[Brief descriptive captions]

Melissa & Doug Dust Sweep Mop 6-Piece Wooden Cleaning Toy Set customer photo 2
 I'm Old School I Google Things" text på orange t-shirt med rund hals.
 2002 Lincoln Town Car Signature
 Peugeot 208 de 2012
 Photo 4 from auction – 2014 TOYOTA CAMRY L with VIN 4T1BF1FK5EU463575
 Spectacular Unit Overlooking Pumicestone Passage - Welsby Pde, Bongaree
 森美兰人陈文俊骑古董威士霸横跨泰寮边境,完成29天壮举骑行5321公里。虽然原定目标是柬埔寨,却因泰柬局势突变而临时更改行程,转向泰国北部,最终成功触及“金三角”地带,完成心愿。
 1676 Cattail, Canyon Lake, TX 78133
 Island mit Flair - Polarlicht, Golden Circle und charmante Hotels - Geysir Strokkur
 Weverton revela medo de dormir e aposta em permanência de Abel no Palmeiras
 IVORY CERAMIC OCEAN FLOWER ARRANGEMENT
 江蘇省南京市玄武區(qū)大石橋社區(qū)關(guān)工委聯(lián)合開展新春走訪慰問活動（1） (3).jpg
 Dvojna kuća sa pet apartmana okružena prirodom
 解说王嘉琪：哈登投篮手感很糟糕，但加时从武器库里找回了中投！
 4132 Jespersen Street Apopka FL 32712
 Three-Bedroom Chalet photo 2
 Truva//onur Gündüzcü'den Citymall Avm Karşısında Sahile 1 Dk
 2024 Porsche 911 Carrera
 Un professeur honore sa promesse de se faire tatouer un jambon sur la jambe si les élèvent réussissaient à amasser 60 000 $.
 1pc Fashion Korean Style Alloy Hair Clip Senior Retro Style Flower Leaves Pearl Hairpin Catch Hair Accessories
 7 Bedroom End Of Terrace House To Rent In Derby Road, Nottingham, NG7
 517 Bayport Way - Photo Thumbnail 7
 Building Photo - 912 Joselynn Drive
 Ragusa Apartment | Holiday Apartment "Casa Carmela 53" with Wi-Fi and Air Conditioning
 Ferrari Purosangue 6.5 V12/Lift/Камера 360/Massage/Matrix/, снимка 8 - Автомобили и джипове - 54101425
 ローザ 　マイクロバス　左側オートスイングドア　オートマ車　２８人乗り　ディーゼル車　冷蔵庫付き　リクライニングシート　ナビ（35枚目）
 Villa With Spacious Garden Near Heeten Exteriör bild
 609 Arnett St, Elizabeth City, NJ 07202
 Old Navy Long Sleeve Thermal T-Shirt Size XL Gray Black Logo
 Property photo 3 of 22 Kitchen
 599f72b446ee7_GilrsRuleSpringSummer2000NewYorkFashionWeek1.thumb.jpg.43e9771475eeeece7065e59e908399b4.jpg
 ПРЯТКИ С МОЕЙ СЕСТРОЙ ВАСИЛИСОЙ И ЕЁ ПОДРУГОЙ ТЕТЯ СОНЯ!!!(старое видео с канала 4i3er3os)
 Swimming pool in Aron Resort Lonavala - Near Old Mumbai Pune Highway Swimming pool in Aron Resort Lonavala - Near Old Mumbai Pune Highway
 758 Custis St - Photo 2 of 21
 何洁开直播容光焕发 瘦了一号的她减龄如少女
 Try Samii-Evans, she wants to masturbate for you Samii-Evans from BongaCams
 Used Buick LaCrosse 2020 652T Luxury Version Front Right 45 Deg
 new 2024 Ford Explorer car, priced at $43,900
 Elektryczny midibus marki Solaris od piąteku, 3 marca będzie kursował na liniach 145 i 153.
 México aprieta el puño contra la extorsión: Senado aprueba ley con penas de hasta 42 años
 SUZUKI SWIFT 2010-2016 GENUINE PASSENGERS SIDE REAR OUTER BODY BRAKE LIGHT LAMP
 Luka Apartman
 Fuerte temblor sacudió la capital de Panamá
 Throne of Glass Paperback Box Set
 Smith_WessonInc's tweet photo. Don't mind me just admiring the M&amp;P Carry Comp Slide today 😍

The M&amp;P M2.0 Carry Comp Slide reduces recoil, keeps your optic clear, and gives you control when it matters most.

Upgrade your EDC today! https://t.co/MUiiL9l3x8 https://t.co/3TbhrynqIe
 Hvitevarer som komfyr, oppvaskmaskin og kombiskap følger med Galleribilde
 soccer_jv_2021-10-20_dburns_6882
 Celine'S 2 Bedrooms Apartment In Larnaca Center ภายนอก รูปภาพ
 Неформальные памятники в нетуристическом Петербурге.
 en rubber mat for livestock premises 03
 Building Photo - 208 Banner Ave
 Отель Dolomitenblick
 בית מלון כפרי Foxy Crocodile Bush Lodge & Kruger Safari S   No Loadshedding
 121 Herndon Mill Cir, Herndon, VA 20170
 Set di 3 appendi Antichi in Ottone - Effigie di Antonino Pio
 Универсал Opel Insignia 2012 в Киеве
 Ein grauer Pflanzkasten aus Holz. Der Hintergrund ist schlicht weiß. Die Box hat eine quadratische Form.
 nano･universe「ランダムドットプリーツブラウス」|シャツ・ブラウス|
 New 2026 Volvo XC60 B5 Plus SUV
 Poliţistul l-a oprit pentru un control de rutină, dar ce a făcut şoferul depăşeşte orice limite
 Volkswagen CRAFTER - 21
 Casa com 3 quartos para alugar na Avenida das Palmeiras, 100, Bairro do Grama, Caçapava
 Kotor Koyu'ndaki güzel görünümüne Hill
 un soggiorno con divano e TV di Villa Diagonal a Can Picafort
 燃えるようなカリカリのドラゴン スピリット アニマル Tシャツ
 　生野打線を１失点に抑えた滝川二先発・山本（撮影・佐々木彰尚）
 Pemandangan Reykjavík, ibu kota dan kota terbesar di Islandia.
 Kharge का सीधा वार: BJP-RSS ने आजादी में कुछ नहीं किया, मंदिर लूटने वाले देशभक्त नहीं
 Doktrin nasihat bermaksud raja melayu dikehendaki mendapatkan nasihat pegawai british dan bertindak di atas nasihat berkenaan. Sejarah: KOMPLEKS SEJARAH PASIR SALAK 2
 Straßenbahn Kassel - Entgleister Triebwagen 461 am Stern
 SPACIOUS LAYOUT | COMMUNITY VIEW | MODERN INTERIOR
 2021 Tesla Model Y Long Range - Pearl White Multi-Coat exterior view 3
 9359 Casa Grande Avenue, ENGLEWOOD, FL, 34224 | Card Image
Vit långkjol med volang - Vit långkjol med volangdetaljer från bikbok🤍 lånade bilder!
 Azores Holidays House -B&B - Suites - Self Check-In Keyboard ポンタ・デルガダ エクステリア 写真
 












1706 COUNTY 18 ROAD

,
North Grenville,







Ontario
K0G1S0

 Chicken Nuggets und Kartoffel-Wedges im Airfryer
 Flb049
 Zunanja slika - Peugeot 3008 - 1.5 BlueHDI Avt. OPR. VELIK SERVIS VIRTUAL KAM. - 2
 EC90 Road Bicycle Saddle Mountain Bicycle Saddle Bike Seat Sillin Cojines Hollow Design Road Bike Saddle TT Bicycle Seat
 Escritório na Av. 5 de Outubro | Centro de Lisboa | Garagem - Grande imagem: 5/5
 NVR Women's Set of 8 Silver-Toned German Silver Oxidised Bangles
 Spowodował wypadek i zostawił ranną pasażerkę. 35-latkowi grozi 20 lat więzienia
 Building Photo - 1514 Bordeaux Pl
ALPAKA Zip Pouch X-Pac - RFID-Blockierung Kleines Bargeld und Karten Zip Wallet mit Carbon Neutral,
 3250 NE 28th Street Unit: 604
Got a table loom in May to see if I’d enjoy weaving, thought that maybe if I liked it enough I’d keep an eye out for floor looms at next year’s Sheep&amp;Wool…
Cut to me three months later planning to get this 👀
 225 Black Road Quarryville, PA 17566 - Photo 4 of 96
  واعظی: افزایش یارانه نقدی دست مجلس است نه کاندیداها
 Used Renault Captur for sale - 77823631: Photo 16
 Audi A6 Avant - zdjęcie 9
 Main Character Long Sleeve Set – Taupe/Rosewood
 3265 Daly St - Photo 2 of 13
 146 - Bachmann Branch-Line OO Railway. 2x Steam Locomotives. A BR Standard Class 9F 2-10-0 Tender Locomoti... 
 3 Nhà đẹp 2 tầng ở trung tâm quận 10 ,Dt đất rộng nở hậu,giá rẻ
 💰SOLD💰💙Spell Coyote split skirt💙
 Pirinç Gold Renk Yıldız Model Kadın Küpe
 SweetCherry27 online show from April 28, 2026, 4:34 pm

What the task requires:
Reproduce exactly, please, only the lines from the start of the data above to the line that contains "Peugeot 208 de 2012", with both ends kept.

Task solution:
Melissa & Doug Dust Sweep Mop 6-Piece Wooden Cleaning Toy Set customer photo 2
 I'm Old School I Google Things" text på orange t-shirt med rund hals.
 2002 Lincoln Town Car Signature
 Peugeot 208 de 2012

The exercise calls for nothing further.